───── Given records ─────

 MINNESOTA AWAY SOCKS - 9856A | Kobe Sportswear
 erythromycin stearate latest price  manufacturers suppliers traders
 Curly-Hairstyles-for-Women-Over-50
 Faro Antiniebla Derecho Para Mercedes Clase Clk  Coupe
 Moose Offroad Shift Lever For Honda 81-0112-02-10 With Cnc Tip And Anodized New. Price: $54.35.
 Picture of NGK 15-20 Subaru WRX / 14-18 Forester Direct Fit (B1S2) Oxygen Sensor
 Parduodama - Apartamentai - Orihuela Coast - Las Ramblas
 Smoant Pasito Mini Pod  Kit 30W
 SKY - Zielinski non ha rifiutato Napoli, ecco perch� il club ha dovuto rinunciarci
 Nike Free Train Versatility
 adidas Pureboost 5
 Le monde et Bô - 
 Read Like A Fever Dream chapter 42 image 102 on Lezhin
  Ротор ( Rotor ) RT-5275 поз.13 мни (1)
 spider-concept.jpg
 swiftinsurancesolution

─────

Exactly as they appear, print the lines from the one holding "Nike Free Train Versatility" through the final line of the entries, and no others.

- Solution to this task
 Nike Free Train Versatility
 adidas Pureboost 5
 Le monde et Bô - 
 Read Like A Fever Dream chapter 42 image 102 on Lezhin
  Ротор ( Rotor ) RT-5275 поз.13 мни (1)
 spider-concept.jpg
 swiftinsurancesolution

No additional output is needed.